I am trying out this new thing where I just eat whatever whenever without thinking about it too much. I mean, I still way overthink it, but I try to eat whatever I am craving and then be done with it. Not sit there and panic. Not immediately try to "get rid" of whatever I consumed. I am trying to occupy my thoughts with other, non-food related things, such as art projects I want to do, hairstyles I want to have, places I want to visit. Oh, and I am also trying to branch out and, you know, HELP SOCIETY. I spend far too much time concerned about me me me and it has to stop. So sign me up at the soup kitchen! Give me a shovel and some seeds and I'll start planting trees! Does your grandmother in the nursing home need someone to come by and visit? I will gladly play pinochle with her. And no, it's not spelled "peeknuckle." My point is, I am trying. Ugh, I am trying so hard. Do I try to not try so hard? Or is the metaphorical blood, sweat, and tears appropriate? I guess the sweat and tears are not metaphorical. I sweat in the morning when I am on my walk outside because I overdress and then forget that the sun is warm. And tears? Psssh. I wear my damn heart on my sleeve, people. My literal heart on my metaphorical sleeve.
Let's see, what else is new with me these days? Well, there's one thing that is kinda new, but it's a secret. I have a lot of secrets, yet I will tell you almost anything if you just ask. Ask away! Go away! Come back! Stay awhile. But don't get too comfortable. "Not getting too comfortable" might also be a new thing I'm trying out these days.
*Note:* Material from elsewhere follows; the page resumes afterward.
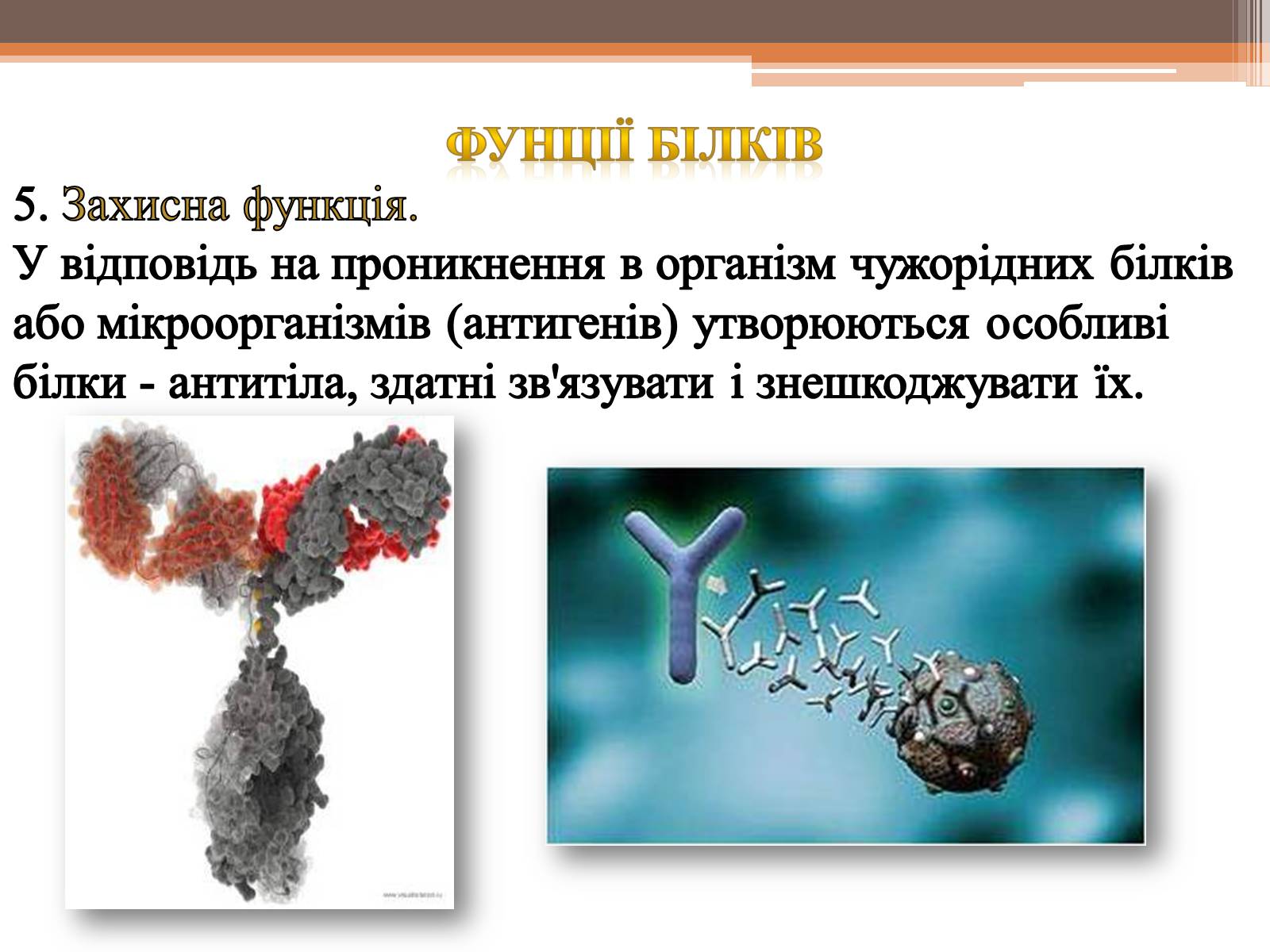 Презентація на тему «Білки» (варіант 5) - Слайд #17 Презентація на тему «Білки» (варіант 5) - Слайд #17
It is too easy to fall into the trap of routine. A lot of routines are A-OK and probably good for us psychologically, but there are other routines that are mind numbing and creativity killers. No more numbing, no more killing, no more trying to soothe myself 24/7. Maybe I can soothe and delude myself 23/7, but give me that hour of discomfort and SHEER TERROR so that I can be awake for at least a part of my life.
Awake! I am starting to wake up. I think it's high time I had some breakfast. I am not going to think too much about breakfast, though! I am simply going to eat it and enjoy it and think about how many people and events went into the production of my breakfast (and give thanks!) and then brush my teeth and brush up on my pinochle/peeknuckle skills. Your grandma is waiting for me! Life is waiting for me. It's about time I went after it.